Temple in Taichung, Taiwan

Dazhuang Haotian Temple (HTG) (大庄浩天宮 (Dàzhuāng Hàotiān Gōng)) is a temple located in Dazhuang, Wuqi District, Taichung, Taiwan. The temple is dedicated to the sea goddess Mazu.

== History ==
Haotian Temple was founded in 1738 by Hakka settlers in Chencuozhuang, a village north of the current site, where it was known as Mazu Temple (媽祖厝). In 1856, the temple was moved south to Dazhuang and renamed to Haotian Temple. A front hall was added in 1895, and the entire temple was renovated in 1936. In 1949, the military briefly occupied the temple and damaged the Qianliyan and Shunfeng'er statues. Between 1962 and 1977, a series of construction projects expanded the temple into its current form today.

On 2 March 2010, the Taichung County Government designated Haotian Temple as a historic building. Then, on 14 December 2014, a groundbreaking ceremony was held to renovate the temple; as of June 2020, the process is still ongoing.

== Worship ==
Haotian Temple is in possession of seven Mazu statues. Out of these, the statue known as "Third Mazu" (三媽) is the original statue of the temple during its founding. It is currently located in the nearby Deshun Temple and is only brought back on special occasions. Every other year, "Third Mazu" is carried by worshippers on a pilgrimage to Chaotian Temple in Beigang, Yunlin entirely on foot. On the years without a pilgrimage, Haotian Temple holds a parade where Mazu tours the fifty-three villages in its territory.

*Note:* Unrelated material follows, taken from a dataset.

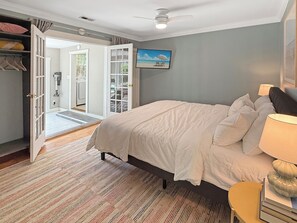 3 soverom, skrivebord, strykejern/-brett og reiseseng for barn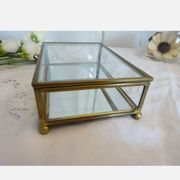 Vintage jewelry box in engraved glass and mirror bottom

Aside from being known as the "Dazhuang Mazu" (大庄媽), the Mazu worshipped in Haotian Temple is also nicknamed the "Water Diving Mazu" (潛水媽). According to legend, during a pilgrimage to Chaotian Temple in Beigang, ferrymen on the Zhuoshui River greedily raised their price. While members of the procession scrambled to get the money, Mazu appeared and lowered the river's water, allowing the procession to cross on foot, which led to the nickname.

== In popular culture ==
Haotian Temple was used as a filming location for the television series Lee's Family Reunion and the 2012 movie Din Tao: Leader of the Parade. Super Night Club, a variety show on SET Taiwan, has also visited the temple in an episode.